* **Source data**:
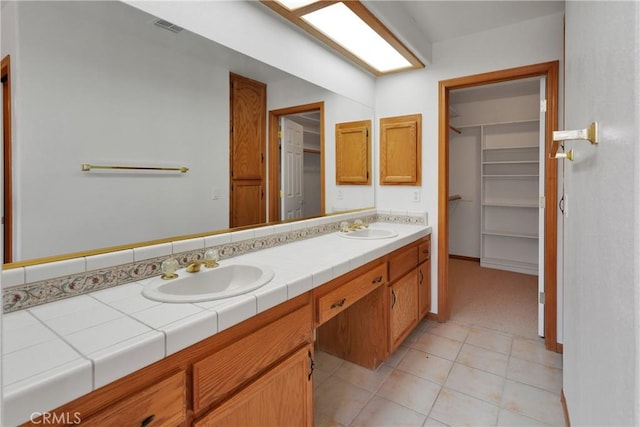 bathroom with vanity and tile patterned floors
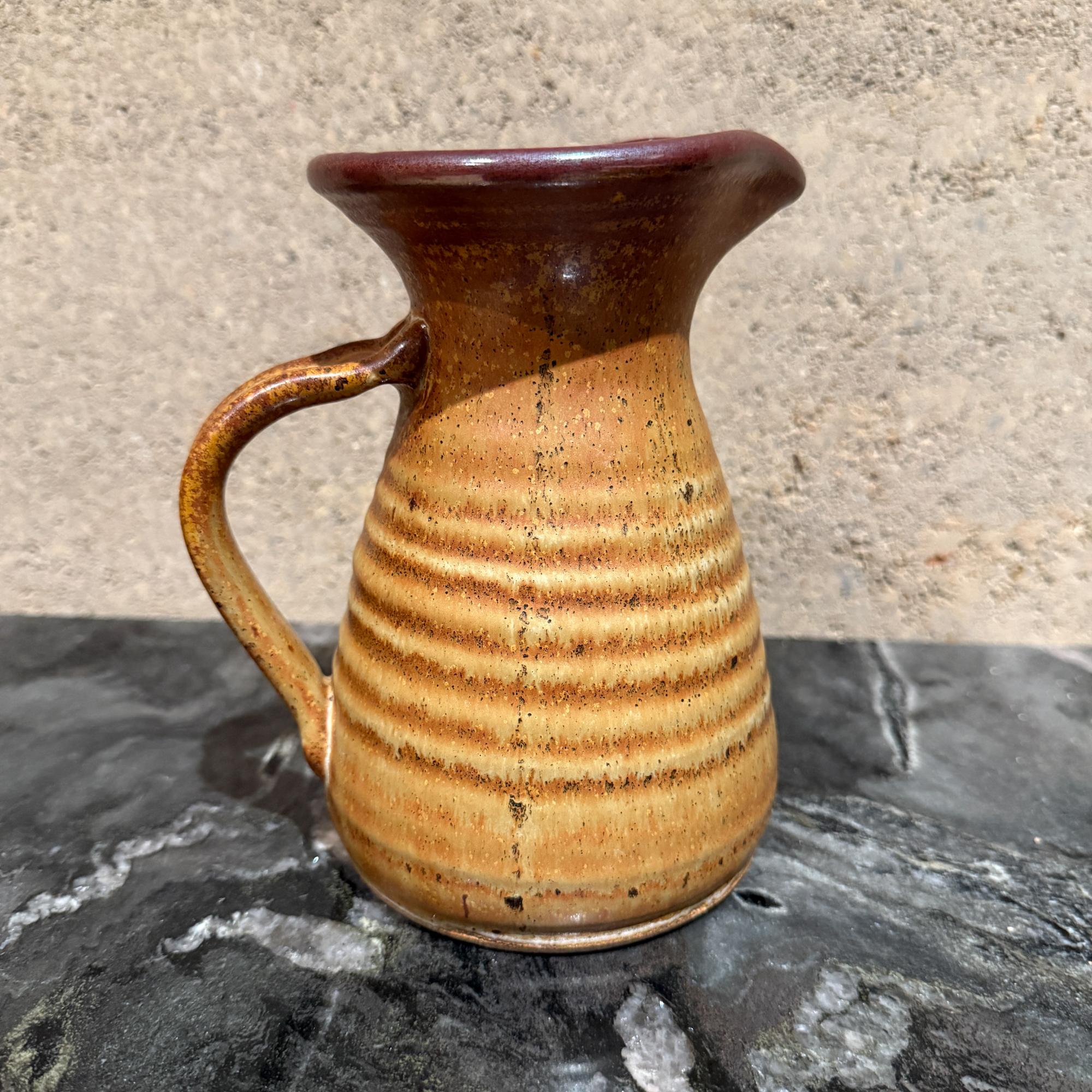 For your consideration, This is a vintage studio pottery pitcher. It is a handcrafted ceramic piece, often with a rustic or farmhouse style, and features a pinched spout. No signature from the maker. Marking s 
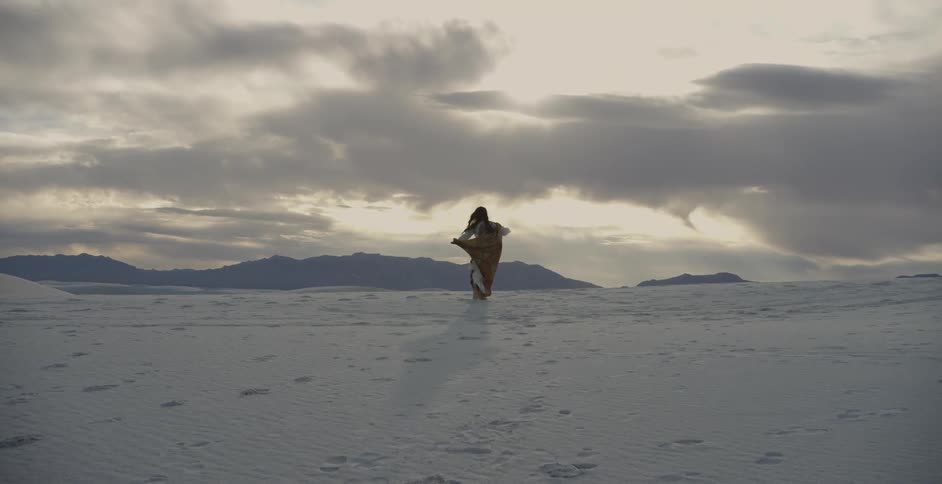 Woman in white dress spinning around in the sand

* * *

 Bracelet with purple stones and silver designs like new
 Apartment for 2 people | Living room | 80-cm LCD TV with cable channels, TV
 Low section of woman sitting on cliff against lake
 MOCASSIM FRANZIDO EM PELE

* **Aim of the task**: Output the material above exactly, but only from the line that carries "Apartment for 2" through the line that carries "MOCASSIM FRANZIDO EM PELE".

* **Answer section**:
 Apartment for 2 people | Living room | 80-cm LCD TV with cable channels, TV
 Low section of woman sitting on cliff against lake
 MOCASSIM FRANZIDO EM PELE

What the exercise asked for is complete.